Sunday, 18 November 2012

Albums for Life: 95: Chris Wood: Handmade Life

I must admit that my introduction to English folk has been a gentle one. Scotland and Ireland had always provided an authentic Celtic edge that seemed to make their music resonate outside of chauvinist rhetoric. The likes of Christy Moore, Jackie Leven and latterly, Kris Drever, Lau and Karine Polwart, all seemed to bridge the gap between the ancient and the modern with language that rang true. When it came to English folk banging on about princes, frogs and throbbing breasts in Camalot I was invariably left cold. And then there were the 'proud' historians, singers in tank tops who postulated in thin reedy voices with their fingers in their ears, like social studies teachers training up prospective BNP intellectuals for an appearance on Question Time.
I've always loved the voices and songs of Richard Thompson and Sandy Denny but my knowledge of more traditional English folk started with the gentle songs of Kate Rusby. This Yorkshire lass charmed me, without embarrassment, into the world of courting Lords and Ladies; here was someone proud of her heritage who understood the need for these songs to speak as historical documents; but also to endure as works of art. They spoke of ordinary people too, commoners with all of the recognizable human strengths and weaknesses; affected by the mundanities and injustices that blight any generation. Rusby guided me with her recommendations; I checked out Nic Jones's 'Peguin Eggs' and found it a lovely thing, was then introduced to the clan of the mighty Martin Carthy.
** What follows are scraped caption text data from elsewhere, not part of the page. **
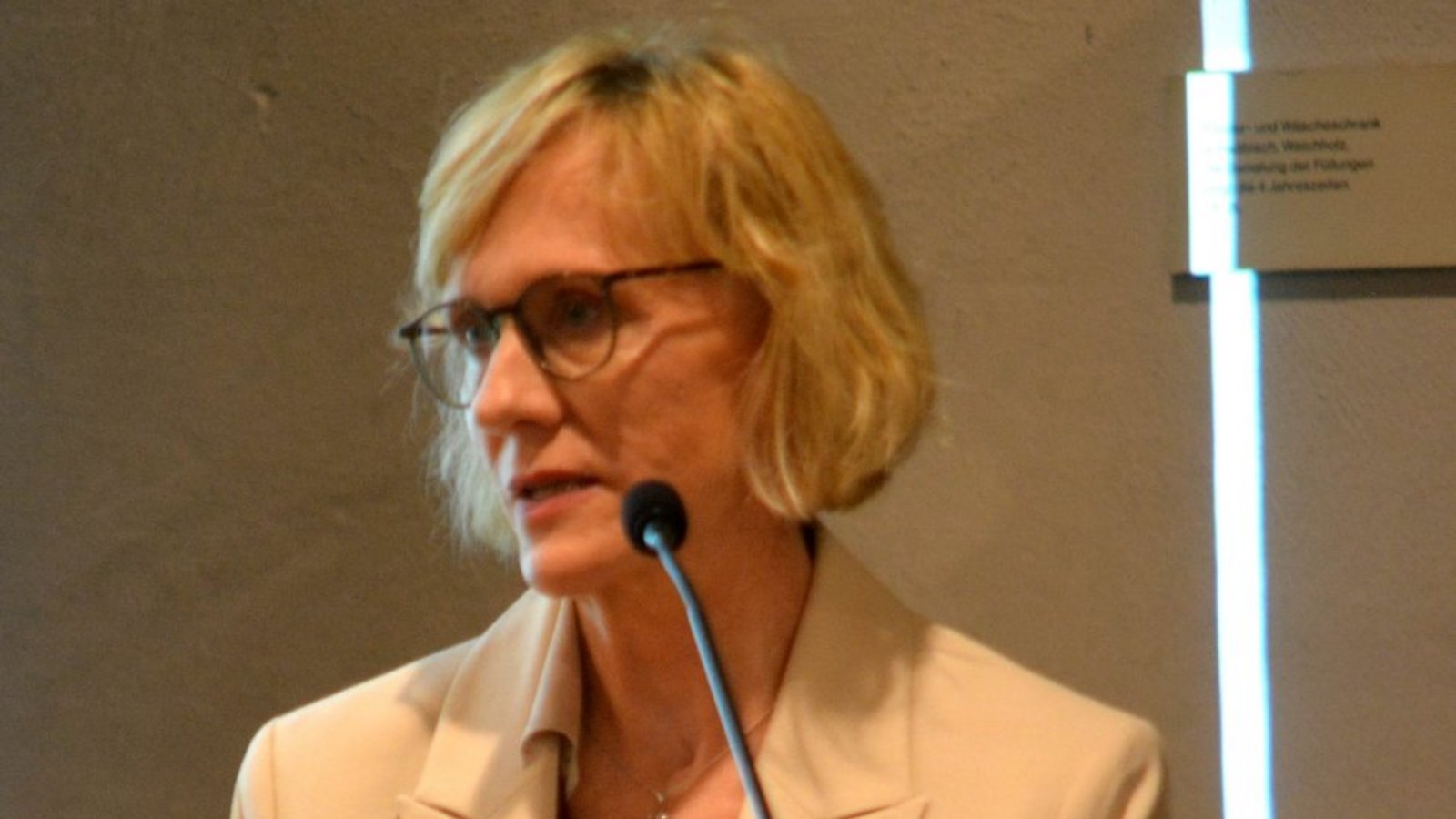 Weil die finanzielle Selbstbestimmung wichtig ist, fordert Birgit Happel Frauen auf, das Thema Geld wichtiger zu nehmen. Foto: Stahlfeld Weil die finanzielle Selbstbestimmung wichtig ist, fordert Birgit Happel Frauen auf, das Thema Geld wichtiger zu nehmen. Foto: Stahlfeld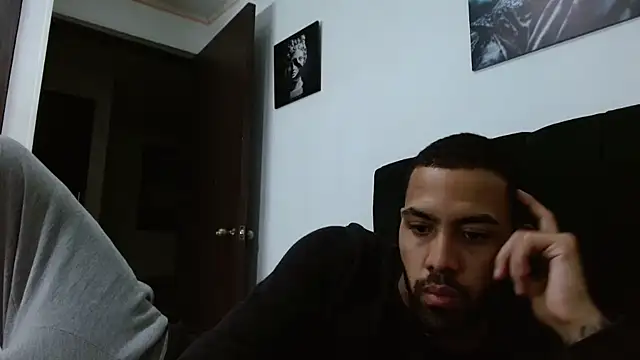 Snapshot of Hendry_ chatting on February 2025 02:17:01 AM Hendry online show from February 2025 02:17:01 AM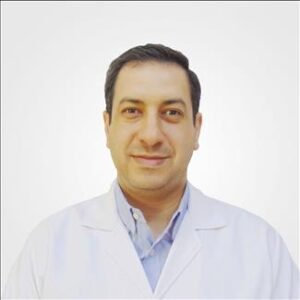 الدكتور بسام الأحمد طبيب أسنان في مجمع الابتسامة الماسية بالرياض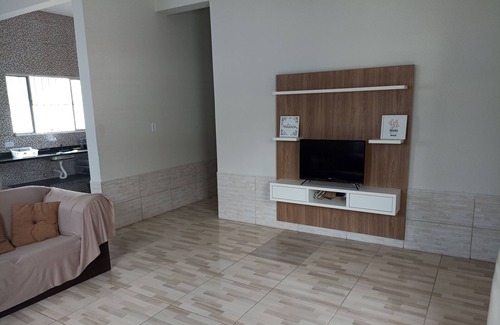 Jardim Carolina Casa | # Casa con piscina y Wifi, barrio tranquilo y familiar !! Grande y acogedor !!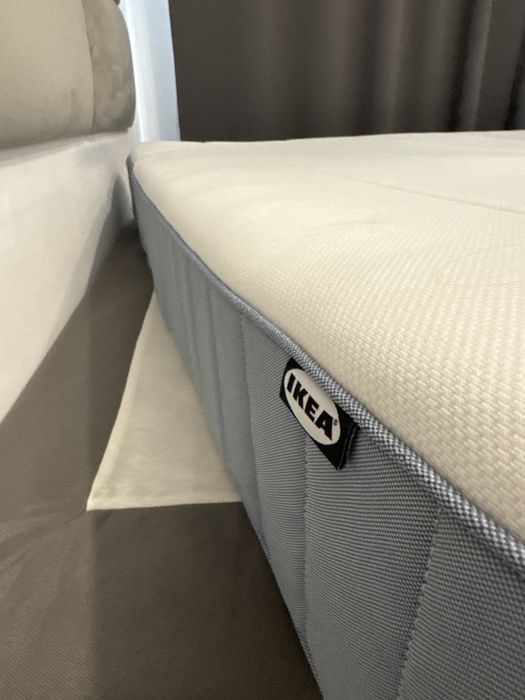 Łóżko kontynentalne z materacem  Ikea 140x200  w idealnym stanie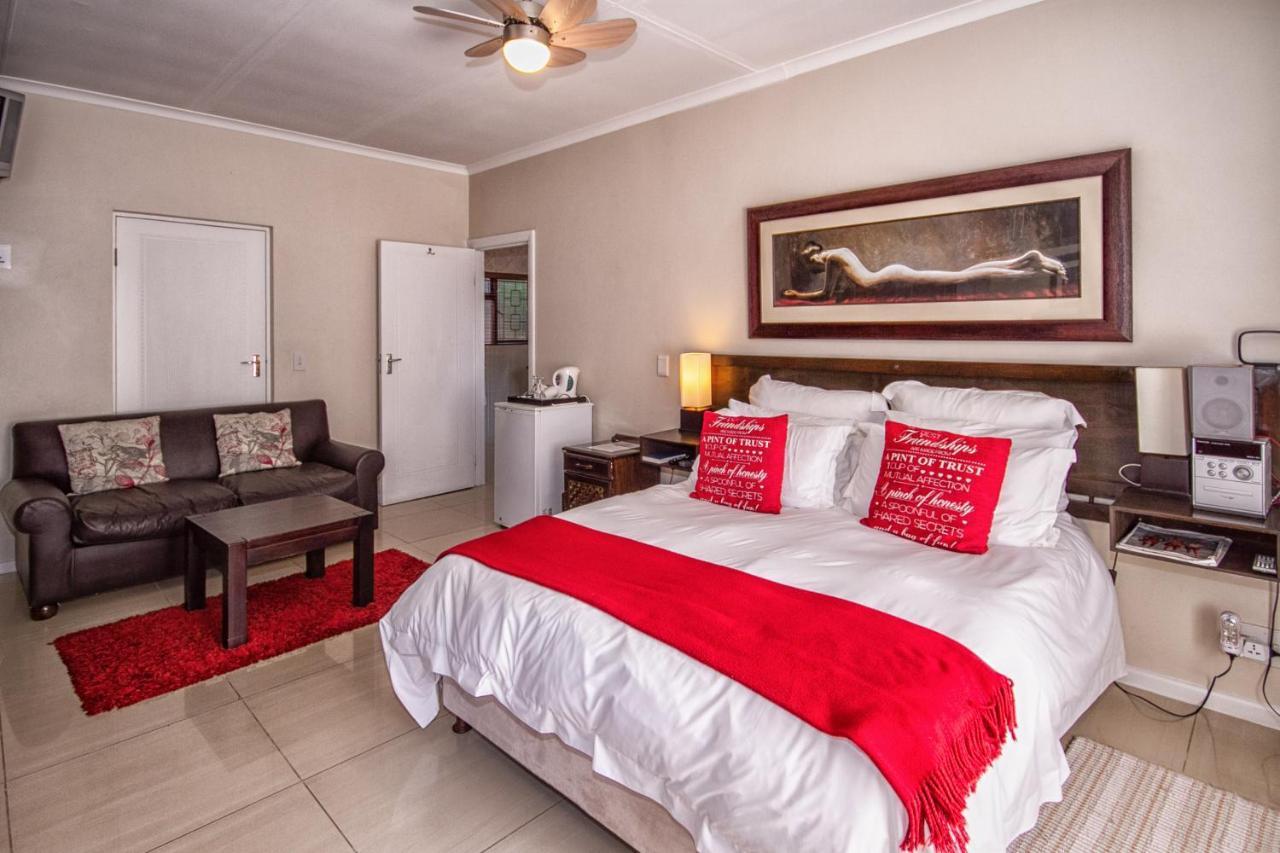 Ohannas Bnb & Self Catering Plettenberg Bay Exteriör bild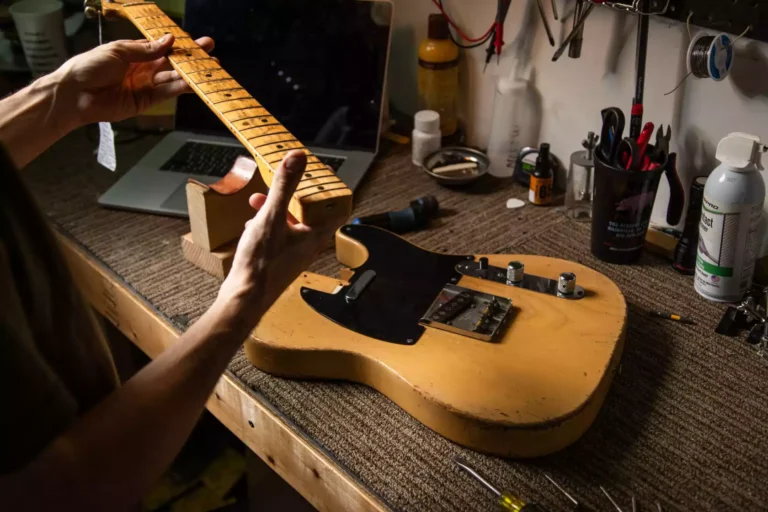 How to appraise vintage guitars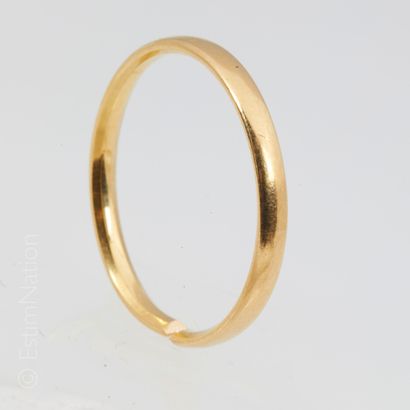 LOT OR Chevalière in 18K (750/°°) yellow gold marked with the initials EL. 

Gross...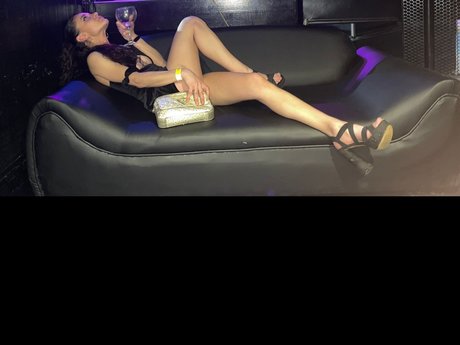 Photo nue de fuite OnlyFans de Raquel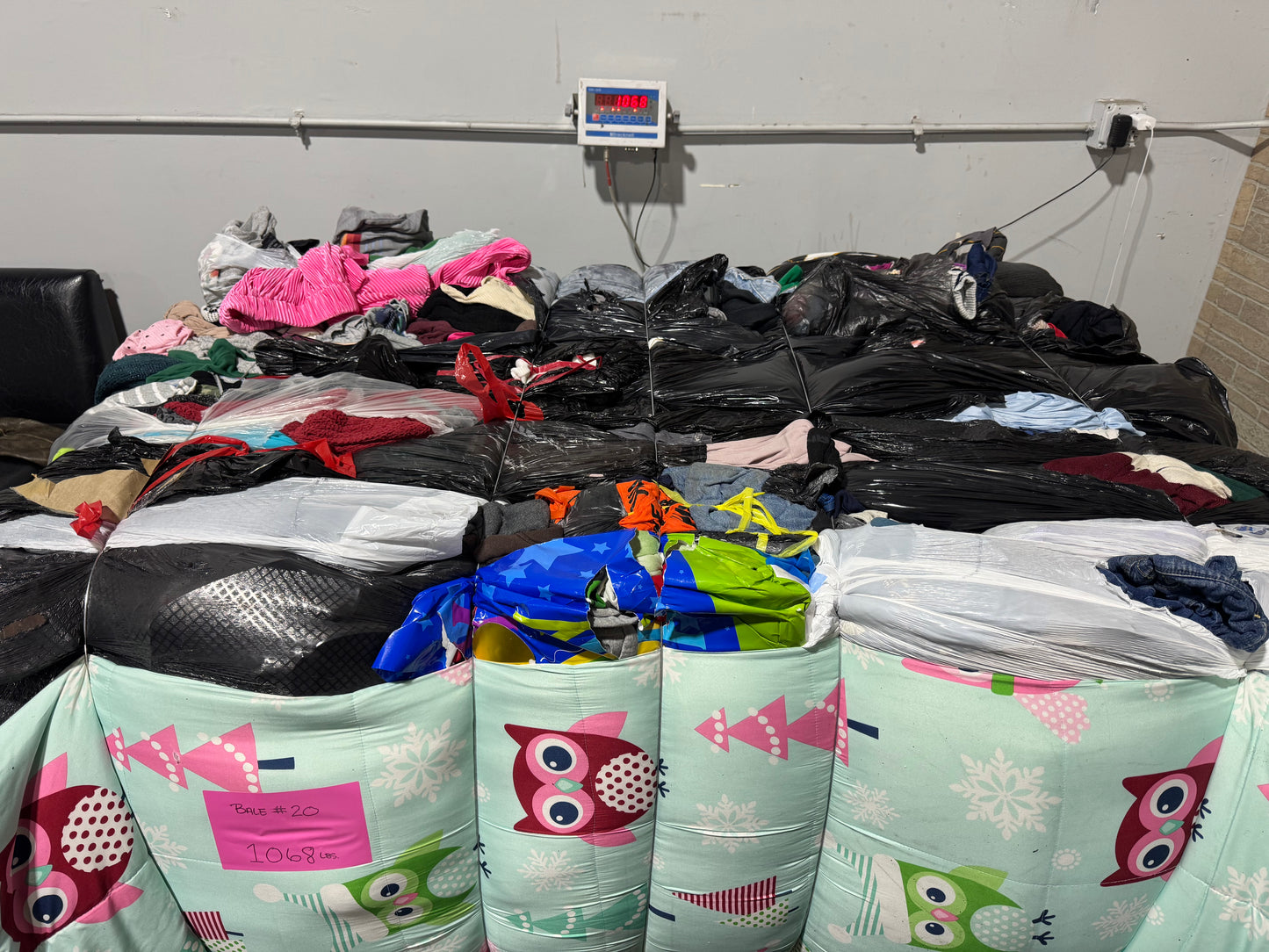 Credential Clothing Bale #20- 1068 lbs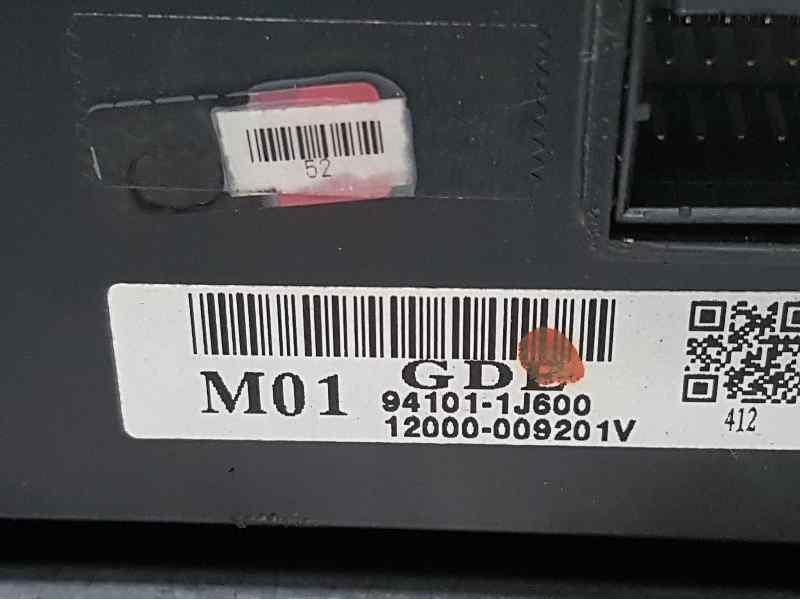 Recambio de reloj para hyundai i20 classic referencia OEM IAM 941011J600 12000009201V 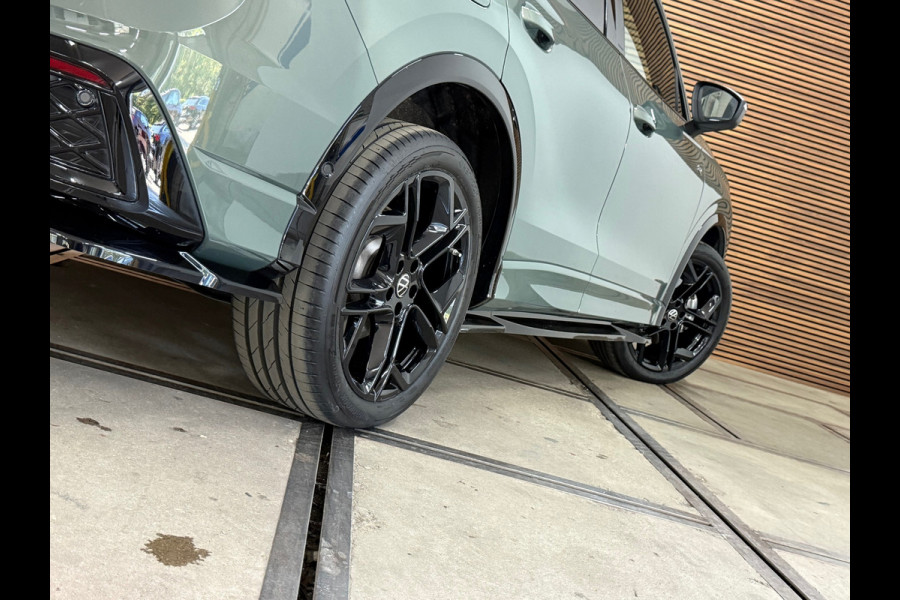 Volkswagen Tiguan 1.5 eHybrid R-Line Black MD Edition | Garantie tot 2030 | VOL! | 272PK | Full IQ.Light | H/K Sound | Trekhaak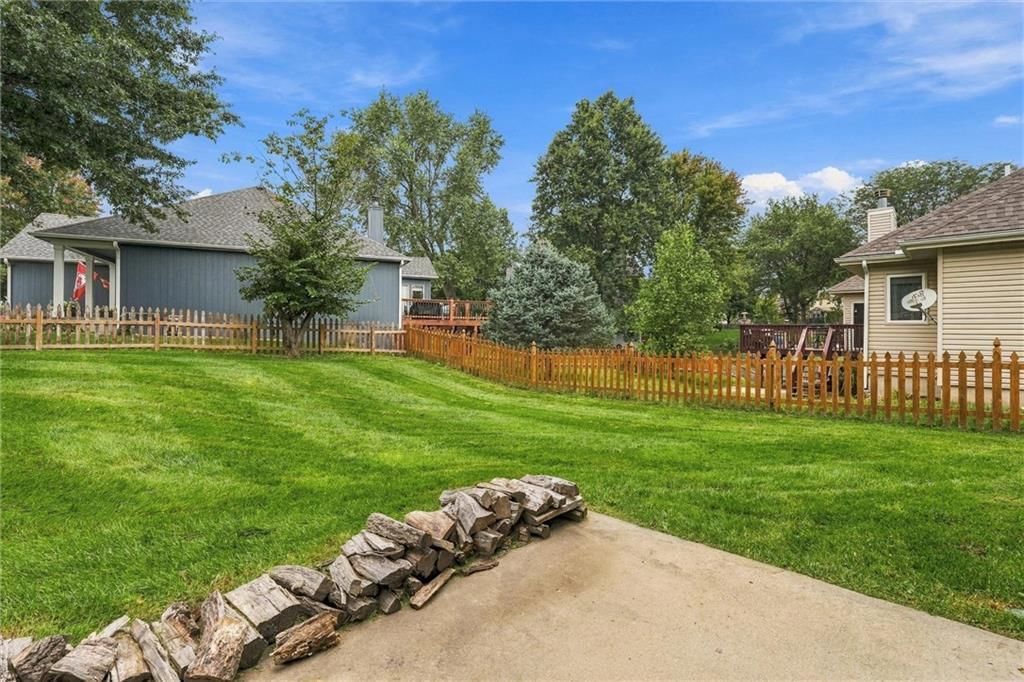 Deck, pergola and covered patio at 1104 Regency Drive, Kearney, MO 64060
And yet there was always something about the tone of the voices; an earnest, affected nasal intonation which suggested that the world of our ancestors was a Vic free vicinity. Eventually I found a voice that bridged the hay nonny divide for me. Even though Chris Wood is rooted in the traditionalist fare of folk (he cites his biggest influence as 'Anon') his was an eye that observed both traditional and modern worlds and spoke about them in canny, heavenly yet devilishly conceived, understatements.  I was listening to 'The Imagined Village' record and heard Wood singing 'Scarborough Fair'. He invested the old chestnut with such delicate passion that it was re-invented as a modern love song. I sought out an anthology of his stuff; the excellent 'Albion', which includes a song/story 'One in a Million' and wept with Marcus as we listened to it together. Marcus is a bluff Yorkshireman and this was a song set in a fish and chip shop...
I then sought out his latest album. 'Handmade Life' is chock full of wide eyed wonder and intellectual curiosity, chock full of narratives; heartbreaking, historical; there's political comment, there's even a love song to asparagus! Sure, there's mention of Spitfires and allotments but the muse and musicianship is diddly dee free. These are tender tales, tethered by actuality. Wood carves his songs so delicately and presents them so gently that you are often startled by their candor. Witness 'Hollow Point', a deconstruction of the killing of Jean Charles de Menezes. 
I've read this dismissed as "music for soppy old gits in semi-retirement" and there is something comforting about the warmth of the delivery, but there's no codgy, cosy contentment here; this is modern music guided by ancient wisdom; sung in a warm and wondrous, all enveloping tenor, that would put a shiver up the stiffest of backs and warm the cockles of the most frigid modernist.
The solo performances below give the impression of a talented folk singer. 
You need to hear the album's haunting ambience to gauge the true quality of the man's vision; he has a keen ear; a keener eye.
All life is here in 'Handmade Life'. 


  1. I am listening to this and finding phrasing at times that brings to mind Ewan MacColl, whose Song of a Road is my no. 95. Enjoying this by the way!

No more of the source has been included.